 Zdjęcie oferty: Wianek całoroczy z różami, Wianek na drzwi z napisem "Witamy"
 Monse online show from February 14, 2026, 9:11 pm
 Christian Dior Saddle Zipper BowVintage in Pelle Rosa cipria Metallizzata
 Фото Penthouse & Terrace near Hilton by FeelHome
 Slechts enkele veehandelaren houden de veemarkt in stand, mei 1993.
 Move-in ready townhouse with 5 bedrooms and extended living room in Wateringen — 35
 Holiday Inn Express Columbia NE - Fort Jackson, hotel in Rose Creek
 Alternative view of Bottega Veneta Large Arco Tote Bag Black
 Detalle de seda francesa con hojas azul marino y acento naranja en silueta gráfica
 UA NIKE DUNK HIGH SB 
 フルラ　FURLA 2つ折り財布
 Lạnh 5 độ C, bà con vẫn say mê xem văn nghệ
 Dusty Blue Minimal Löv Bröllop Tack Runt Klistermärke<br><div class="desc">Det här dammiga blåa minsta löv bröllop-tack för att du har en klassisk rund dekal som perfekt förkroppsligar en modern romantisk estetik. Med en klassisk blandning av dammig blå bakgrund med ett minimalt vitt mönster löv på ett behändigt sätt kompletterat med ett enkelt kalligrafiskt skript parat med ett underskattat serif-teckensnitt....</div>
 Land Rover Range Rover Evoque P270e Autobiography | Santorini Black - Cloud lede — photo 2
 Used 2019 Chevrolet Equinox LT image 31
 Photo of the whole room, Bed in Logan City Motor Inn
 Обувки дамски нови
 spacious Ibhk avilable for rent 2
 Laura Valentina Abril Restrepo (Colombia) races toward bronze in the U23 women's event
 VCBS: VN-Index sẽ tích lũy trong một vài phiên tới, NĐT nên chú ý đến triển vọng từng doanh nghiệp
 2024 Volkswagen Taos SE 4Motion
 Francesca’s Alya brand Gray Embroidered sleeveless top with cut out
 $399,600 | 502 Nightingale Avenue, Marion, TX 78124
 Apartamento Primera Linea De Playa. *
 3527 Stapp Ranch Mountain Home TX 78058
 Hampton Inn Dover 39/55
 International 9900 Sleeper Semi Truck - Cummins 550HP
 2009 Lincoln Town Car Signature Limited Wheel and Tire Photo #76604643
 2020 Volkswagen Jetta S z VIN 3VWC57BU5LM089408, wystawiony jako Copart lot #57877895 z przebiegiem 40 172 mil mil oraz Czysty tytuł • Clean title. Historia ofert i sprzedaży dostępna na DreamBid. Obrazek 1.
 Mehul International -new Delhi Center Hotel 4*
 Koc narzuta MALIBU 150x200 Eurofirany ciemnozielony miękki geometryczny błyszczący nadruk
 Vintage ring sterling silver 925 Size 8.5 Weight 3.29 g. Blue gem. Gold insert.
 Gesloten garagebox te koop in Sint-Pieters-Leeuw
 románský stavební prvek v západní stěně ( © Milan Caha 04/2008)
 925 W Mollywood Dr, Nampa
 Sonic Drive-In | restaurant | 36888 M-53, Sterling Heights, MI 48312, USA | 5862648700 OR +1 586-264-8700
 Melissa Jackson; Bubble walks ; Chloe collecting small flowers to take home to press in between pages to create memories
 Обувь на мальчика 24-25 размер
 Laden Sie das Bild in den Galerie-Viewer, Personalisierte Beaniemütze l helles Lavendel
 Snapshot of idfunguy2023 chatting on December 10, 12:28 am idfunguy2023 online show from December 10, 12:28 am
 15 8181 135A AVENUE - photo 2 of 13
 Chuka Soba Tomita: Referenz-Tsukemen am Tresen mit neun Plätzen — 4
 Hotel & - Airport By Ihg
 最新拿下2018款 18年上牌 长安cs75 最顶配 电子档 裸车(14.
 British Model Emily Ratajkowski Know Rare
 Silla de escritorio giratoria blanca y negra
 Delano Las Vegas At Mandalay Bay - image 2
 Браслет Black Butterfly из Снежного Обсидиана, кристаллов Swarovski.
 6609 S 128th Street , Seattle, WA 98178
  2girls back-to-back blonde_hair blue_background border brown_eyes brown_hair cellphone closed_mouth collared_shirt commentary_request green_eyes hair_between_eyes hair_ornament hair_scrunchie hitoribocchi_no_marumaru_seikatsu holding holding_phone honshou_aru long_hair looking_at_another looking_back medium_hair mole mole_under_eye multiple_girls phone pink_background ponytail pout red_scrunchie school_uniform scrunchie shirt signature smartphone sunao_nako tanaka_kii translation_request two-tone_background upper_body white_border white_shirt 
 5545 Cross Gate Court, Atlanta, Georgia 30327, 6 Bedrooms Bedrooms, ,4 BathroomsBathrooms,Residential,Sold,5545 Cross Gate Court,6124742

● **What you have to do**: For the material above, reproduce exactly the lines from the line with "Photo of the" to the line with "VCBS: VN-Index sẽ", inclusive, and exclude all others.

● **Result of the exercise**:
 Photo of the whole room, Bed in Logan City Motor Inn
 Обувки дамски нови
 spacious Ibhk avilable for rent 2
 Laura Valentina Abril Restrepo (Colombia) races toward bronze in the U23 women's event
 VCBS: VN-Index sẽ tích lũy trong một vài phiên tới, NĐT nên chú ý đến triển vọng từng doanh nghiệp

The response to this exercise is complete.